I believe that Goethe’s observation relates to Neville’s remarks about the perceived passage of time and the gestation period between the thought and the actualization. If you take Goethe’s counsel, you might be surprised to discover an extraordinary symmetry between the things that you’re living out in your life today and things that you harbored and thought about when you were very young. These can be positive, negative, or anywhere in between.

Neville recommends that you avoid thinking in terms of, “It will happen this way or that way” or “I’ll do something to make it happen.” His attitude was that the event will unfold in its own lovely, harmonious, perfect way. Your job is not to draw the map. Your job is to live from the destination.

I believe that Neville is going to be remembered, and is being looked upon today, as having created the most elegant mystical analog to quantum physics. He was thinking and talking about these ideas long before the popularization of quantum physics. He had a remarkable instinct in the 1940s, which has been tantalizingly, if indirectly, reiterated by people studying quantum theory — people who have never heard the name of Neville. Yet it wouldn’t surprise me if, within a generation or so, some physics students begin to read him as a philosophical adjunct to their work. That may sound unlikely, but remember that many of the current generation of physicists were inspired by Star Trek and Zen and the Art of Motorcycle Maintenance, and I believe there is greater openness today to questions of awareness and mind causation.


We all live by philosophies, unspoken or not.
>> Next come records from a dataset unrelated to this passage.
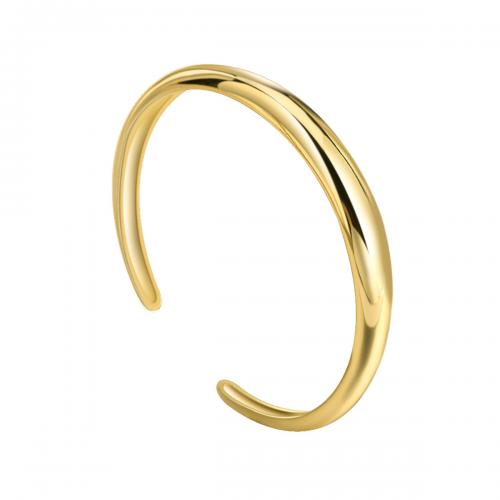 Brass Cuff Bangle, plated, for woman, golden [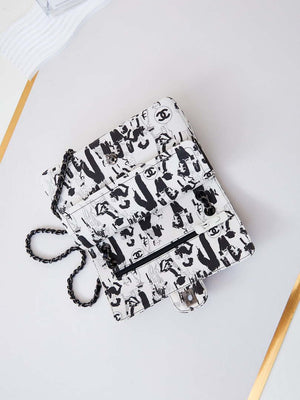 Chanel A01112 Flap White Fabric with Black Printed - Default Title - View 6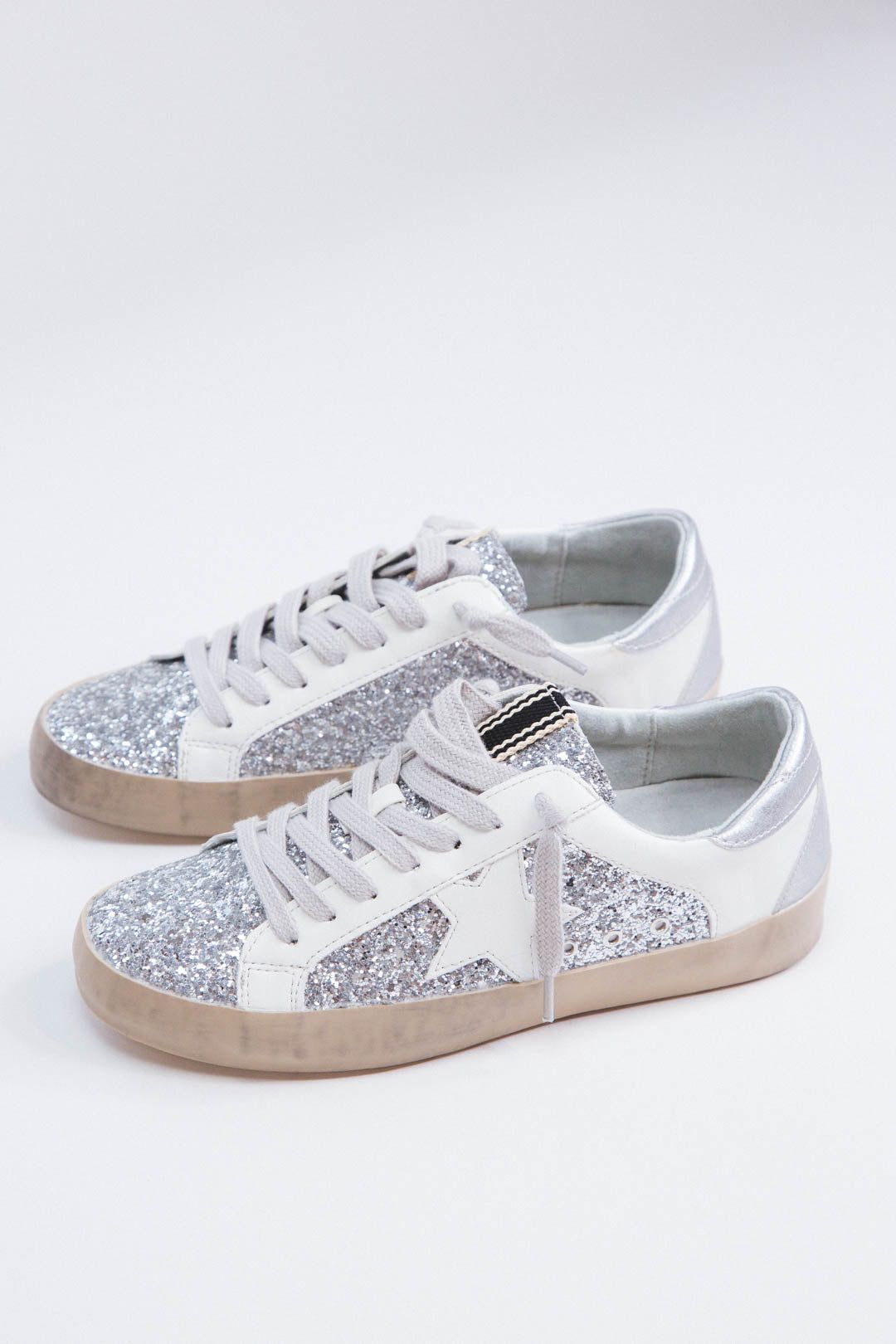 Paris Glitter Detail Lace Up Sneaker, Silver Sparkle | SHUSHOP sold by North & Main Clothing Company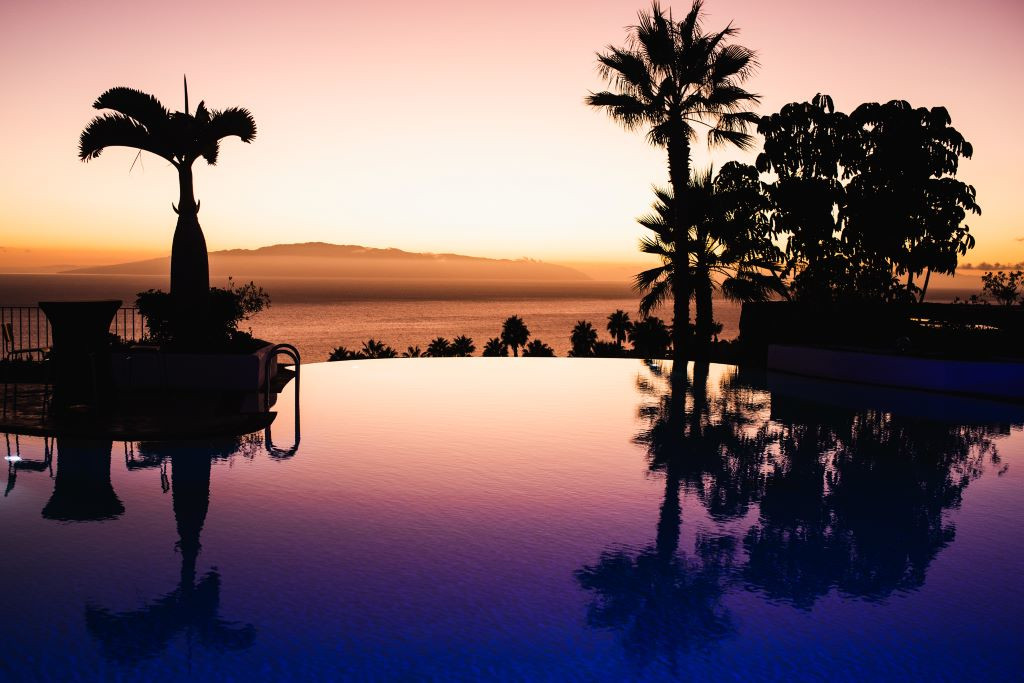 Tramonto con palme e mare a Tenerife.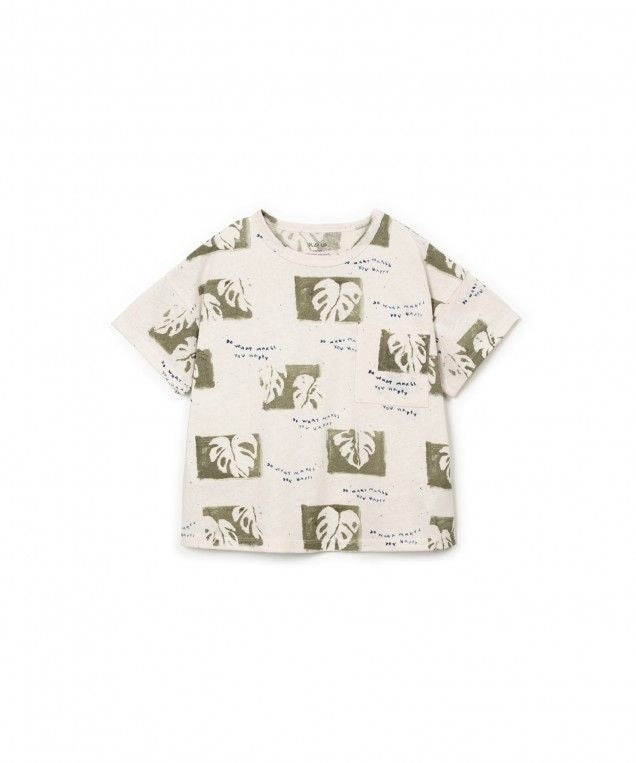 PLAY UP T-shirt jongen Printed Jersey Bio Resin (beige met print)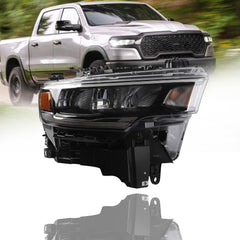 Right Passenger Side Headlight Assembly Compatible with Ram 1500 2025-2026 Replace 68530376AA Chrome Trim Head Lamp Light Replacement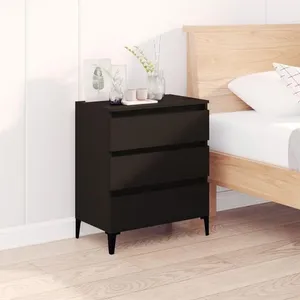 vidaXL Buffet Noir 60x35x70 cm Bois d'ingénierie pas cher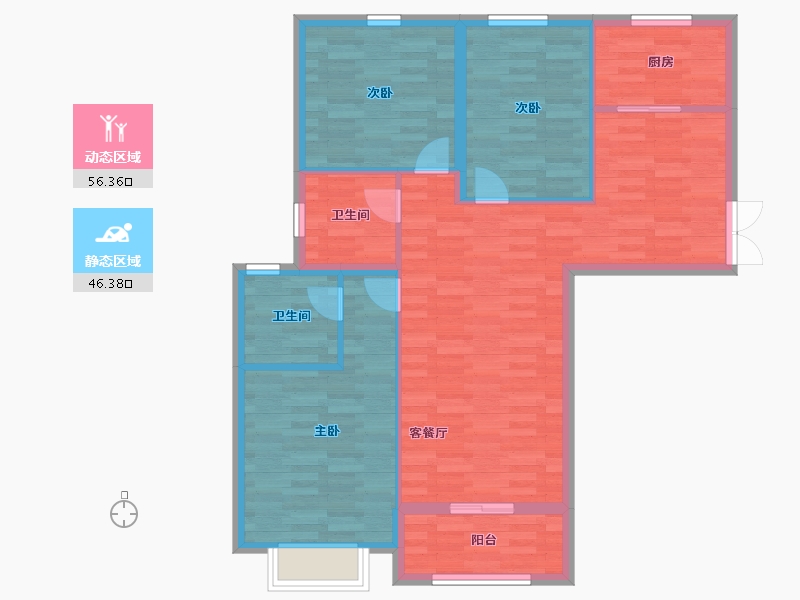 河南省-郑州市-清华大溪地-93.00-户型库-动静分区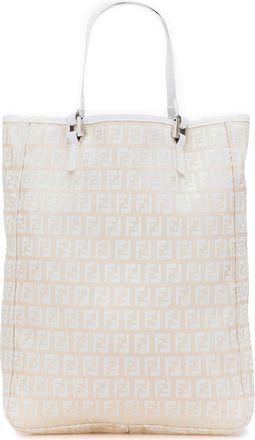 Fendi Pre-owned Womens Logo Pattern Tote Bag - Ivory Textile - One Size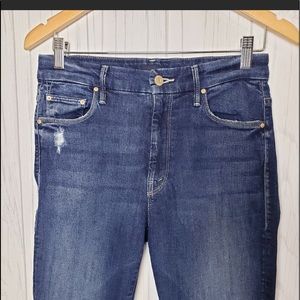 Mother Looker High Waist Frayed Ankle Skinny Jeans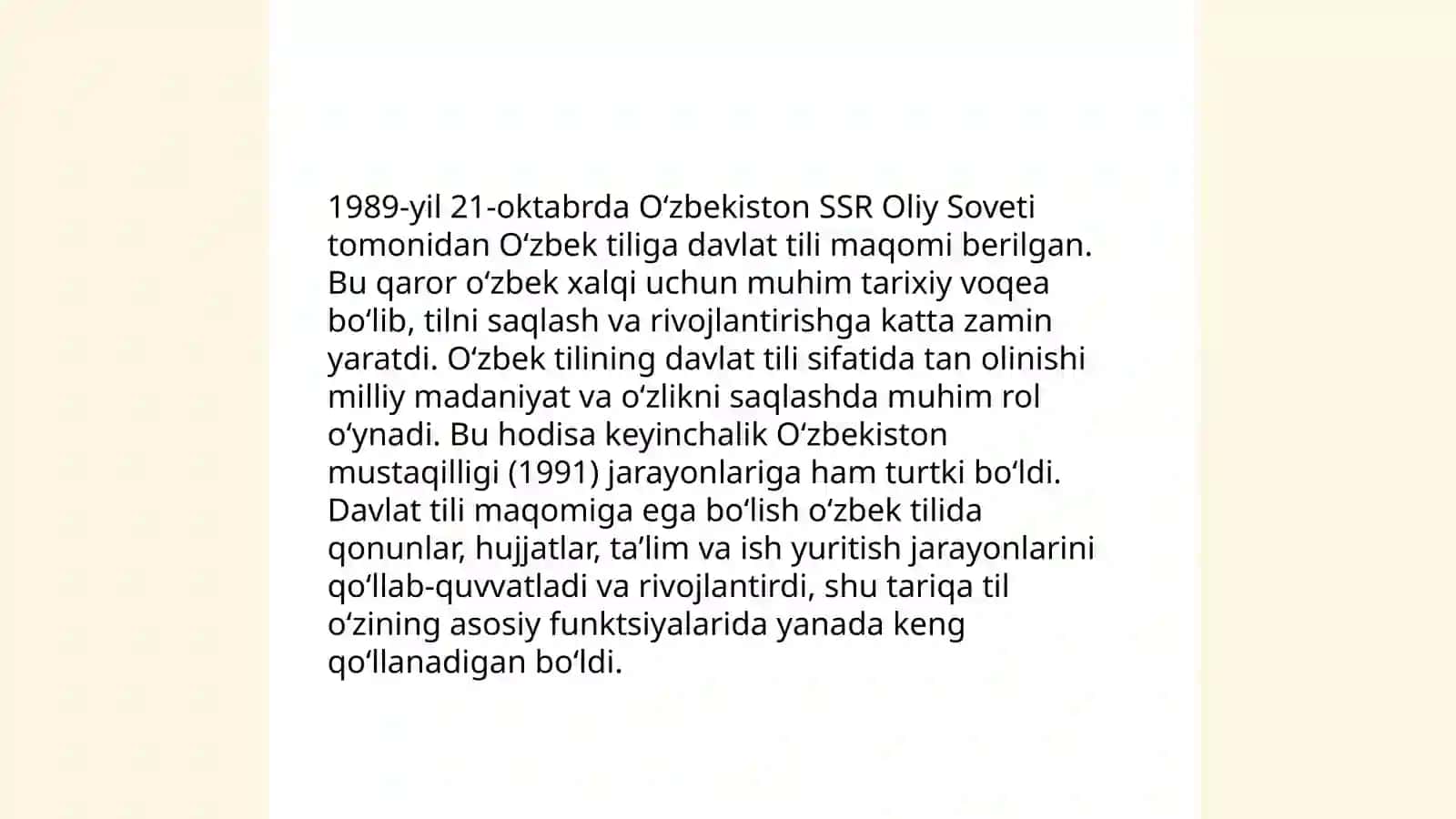 Oʻzbek tiliga davlat tili maqomining 30 yilligiga bagʻishlangan qarori 4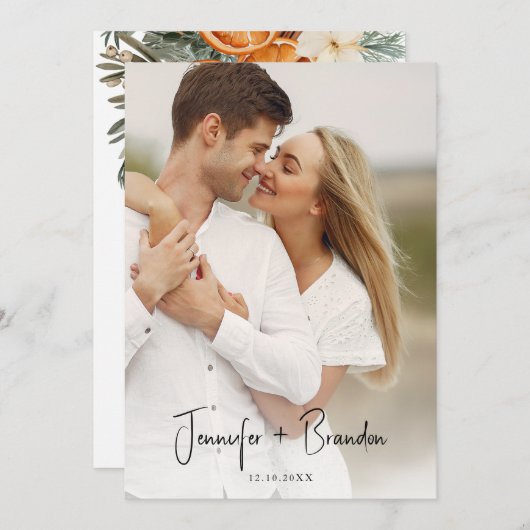 Boho Winter Groene Foto Save the Date Kaart (Voorkant / Achterkant)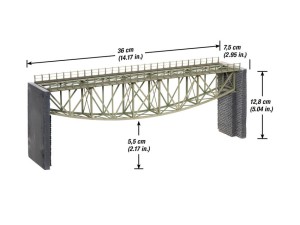 NOCH H0 67027 Fischbauchbrücke, mit Brückenköpfen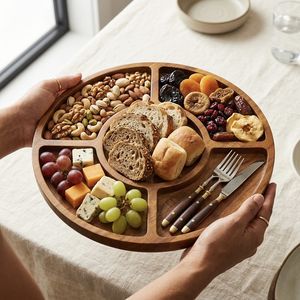 Assiettes en bois d'acacia du Vietnam, assiettes rondes en bois, faciles à nettoyer, légères, pour plats, en-cas, desserts - Product Image 1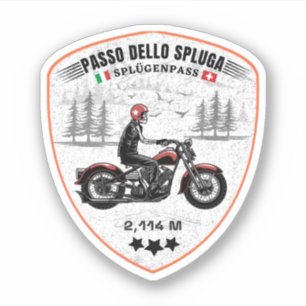 Sticker Col du Splügen montagnes italiennes suisses moto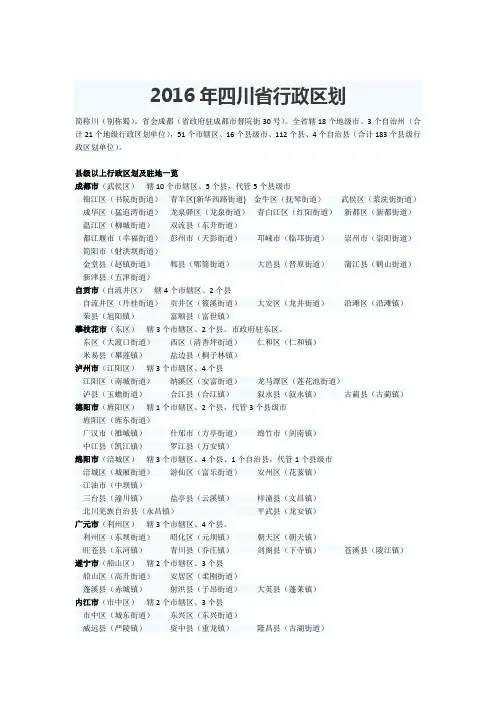 2016年四川省行政区划
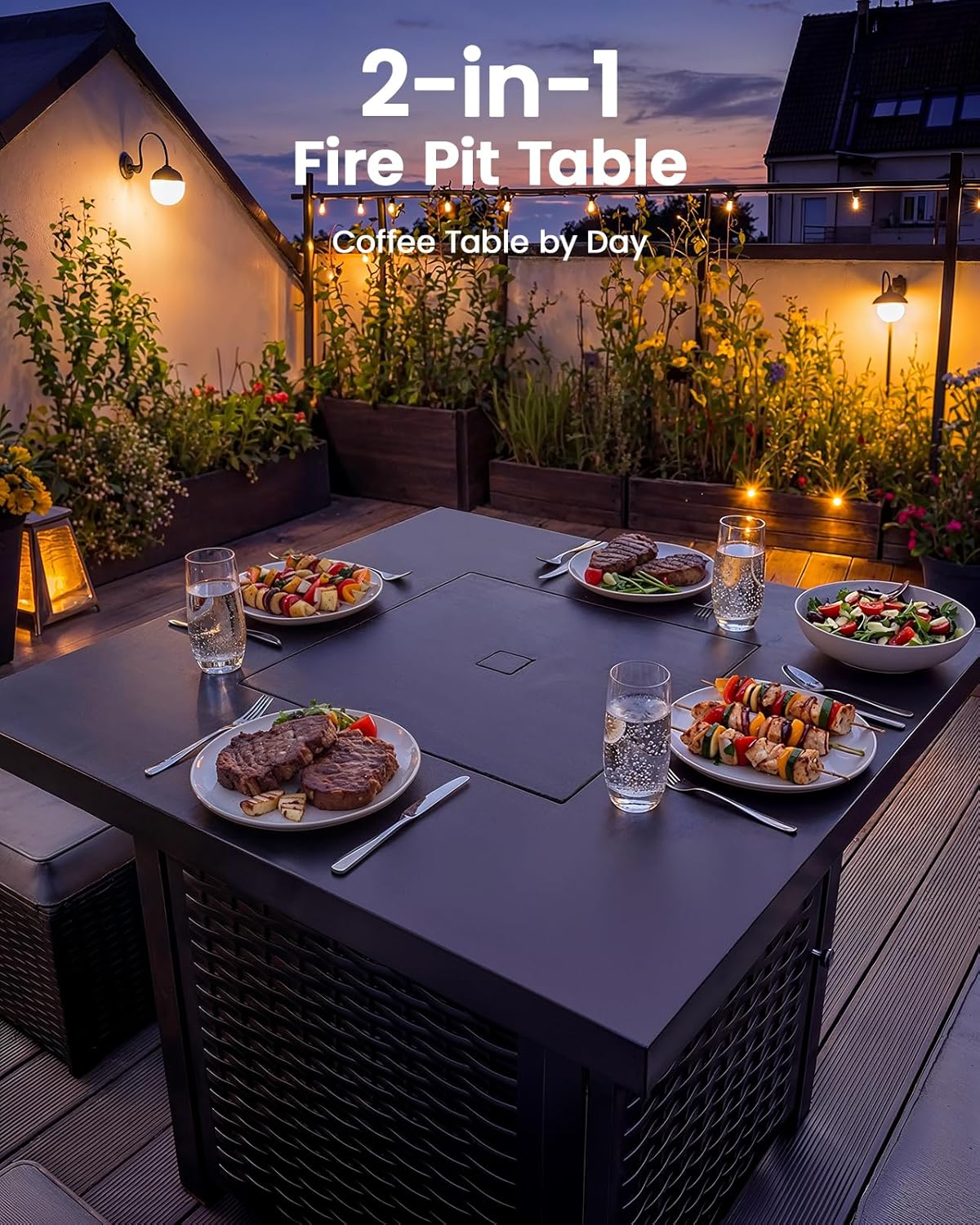Ciays 28 Inch Propane Fire Pit CSA-Listed Outdoor Fire Pit Table, 50,000 BTU Steel Gas Fire Pits with Lid and Lava Rock, Add Warmth and Ambience to Parties On Patio Deck Garden,Black,CIFPT3-N1 - Image 7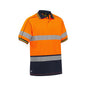 Shirt Polo S/S Poly Mesh 130gsm 3M Tape Hi Vis Orange/Navy Medium Bisley_292752_BK1219T_TT05M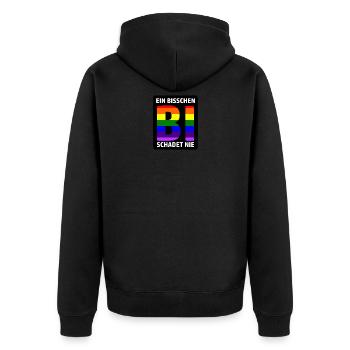 Ein bisschen Bi schadet nie - Unisex Premium Bio Zip Hoodie - Schwarz - Hinten - Nico (187cm)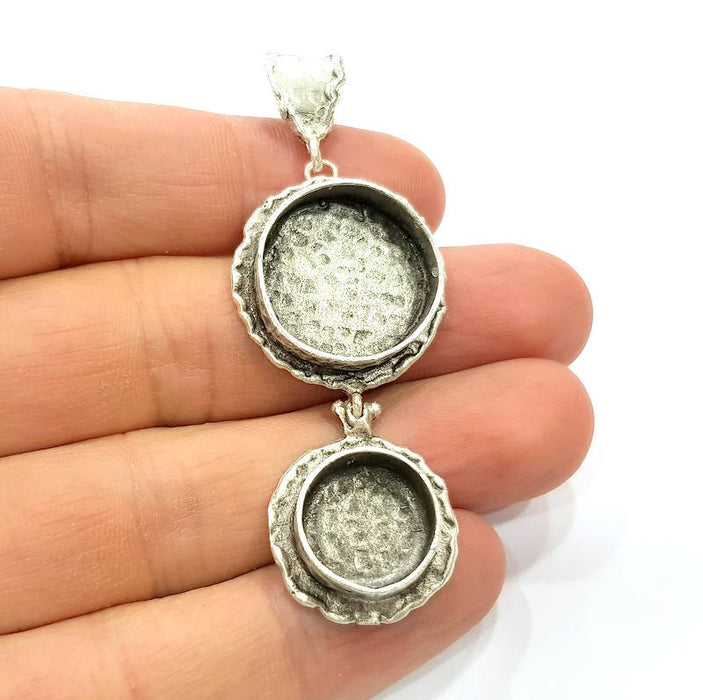 Silver Pendant Blank Resin Blank Mosaic Base Blank inlay Blank Necklace Blank Mountings Antique Silver Plated Brass (66x25mm )  G9722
Even if we say we don’t have an ideology, we obviously have assumptions by which we navigate life. When I look back upon people like Neville and Zen teacher Alan Watts (1915–1973), I realize that their greatness is that they lived by the inner light of their ideas. That is a rare trait in our world today. We are a world of talkers. People are sarcastic or cruel over Twitter, and they think they’re taking some great moral stand. Is it brave for someone who lives miles away and doesn’t even use his real name to call people out online? That’s no victory. It’s make-believe morality.

When we look back on certain figures in the political, cultural, artistic, and spiritual spheres, those we remember are the ones who lived by the inner light of their ideas, who put themselves on the line, for success or failure, based upon an idea.

My wish for every one of you reading these words is that you provide that same example. And I really must say the following, and I mean this in my heart: if you sincerely attempt what I am describing, I believe that you will find greatness, because, if nothing else, you will be making the effort to live by the inner light of an idea.

(This article is adapted from Magician of the Beautiful: An Introduction to Neville Goddard.)